Mais pour l’opérationnalité de l’éthique, il convient de savoir la place que lui donne le droit.
Autrement dit, comment s’opère la réception de l’éthique par le droit ?
En principe, les règles éthiques sont dans la catégorie des règles morales dépourvues d’effets
juridiques donc non sanctionnées par le droit étatique. Cette position est aujourd’hui fortement
critiquée par ceux qui considèrent qu’elle traduit le dogmatisme des juristes pour qui, il n’est du droit
que celui sanctionné par l’Etat.
Les partisans du pluralisme juridique voient entre le droit et l’éthique une complémentarité. Soit
l’éthique est un auxiliaire du droit, soit alors c’est un phénomène d’autorégulation qui peut être reçu
par le droit ou être cantonné dans son propre ordre juridique (dans ce dernier cas, le droit prend une
fâcheuse tendance à qualifier ces règles d’usage contra legem).

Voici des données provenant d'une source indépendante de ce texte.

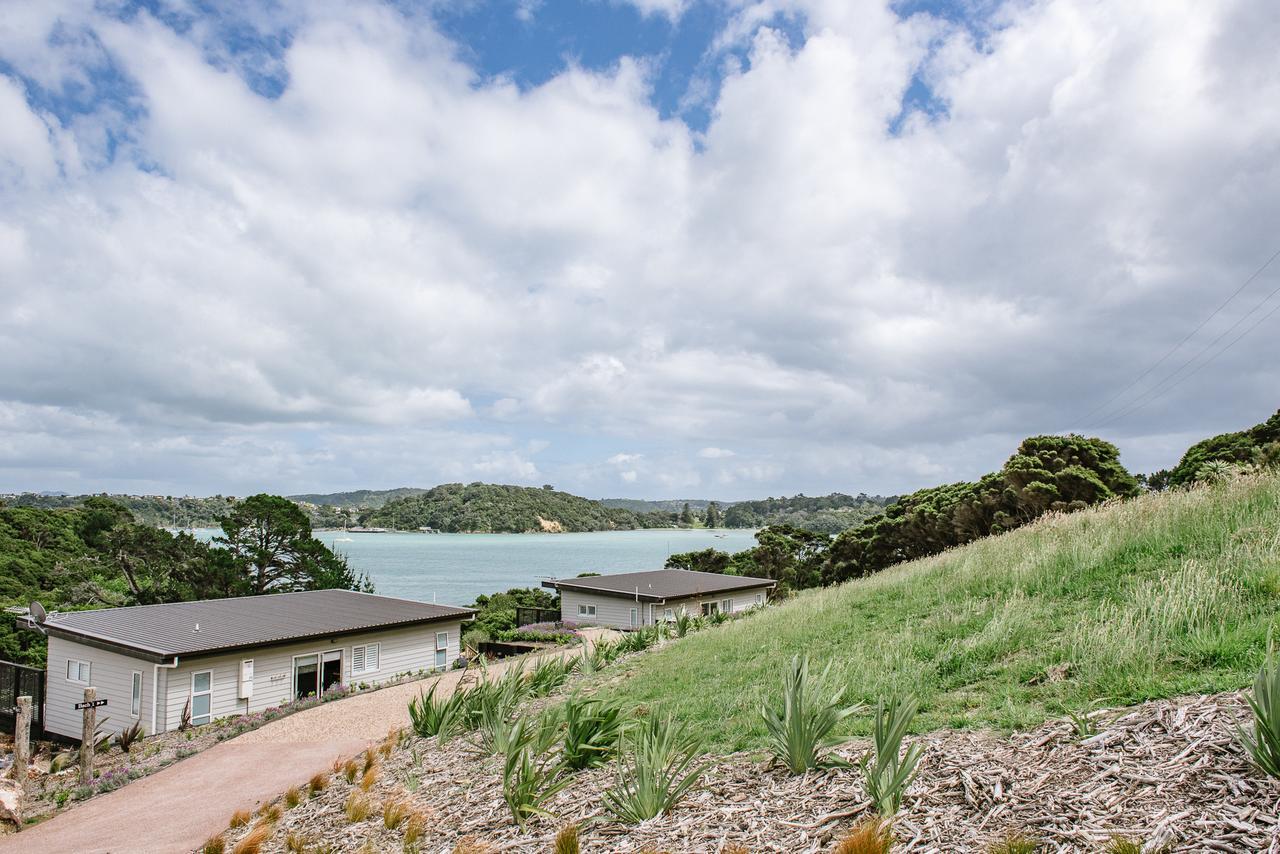 Te Whau Bach Apartments Te Whau Bay Exterior photo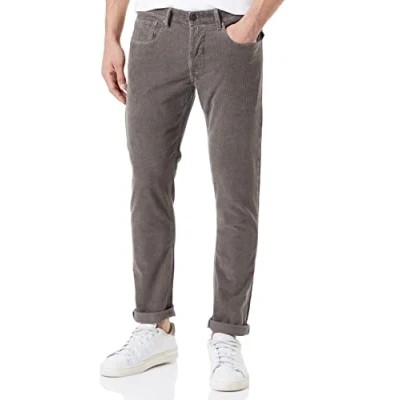 Image of REPLAY Men&#039;s Willbi Jeans, 963 Mud, 34 W/34 L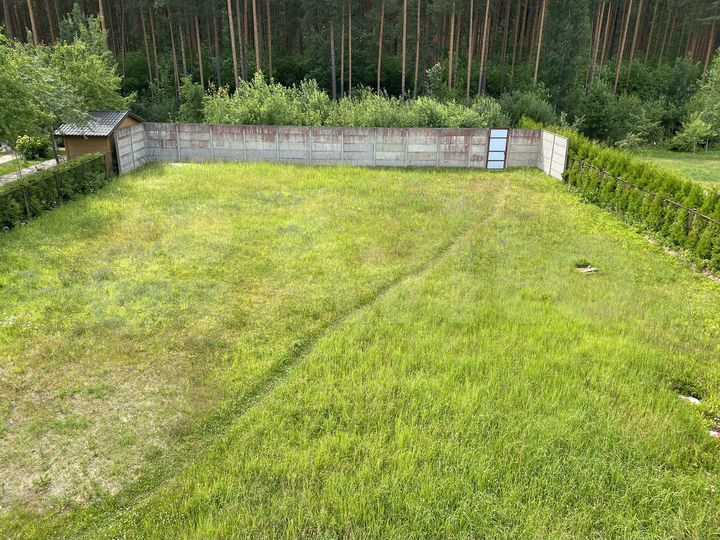 Дом 317,6 м² на участке 12 сот.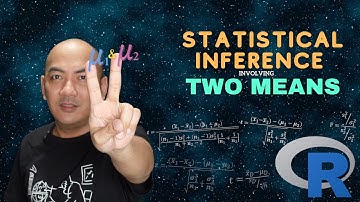 Inference involving Two Means [Student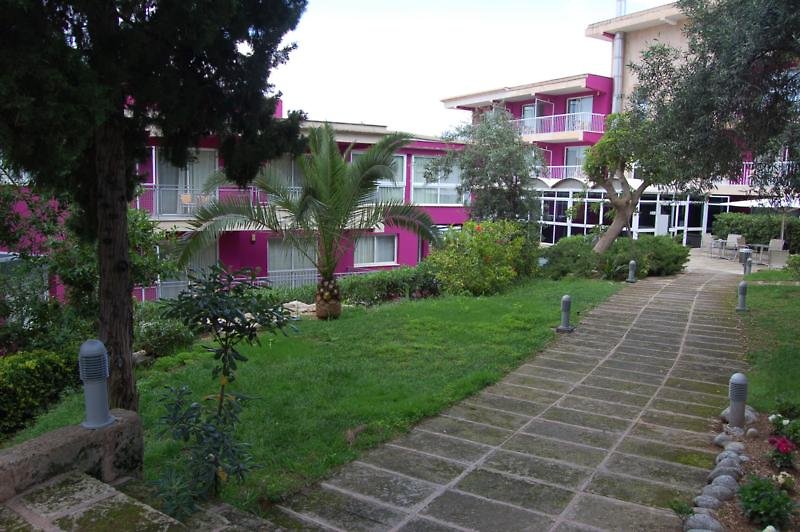 Hesperia Ciudad De Mallorca,La Bonanova>>Balearic Islands,4 star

Pour terminer retenons simplement qu’étant donné le grand nombre de questions juridiques
nouvelles soulevées par l’épidémie, l’élaboration de nouveaux principes juridiques sera nécessaire.
Ces principes devront être animés par des considérations éthiques. Il existe donc des possibilités bien
réelles qu’un débat éthique prudent et informé puisse guider l’évolution du droit dans ce domaine.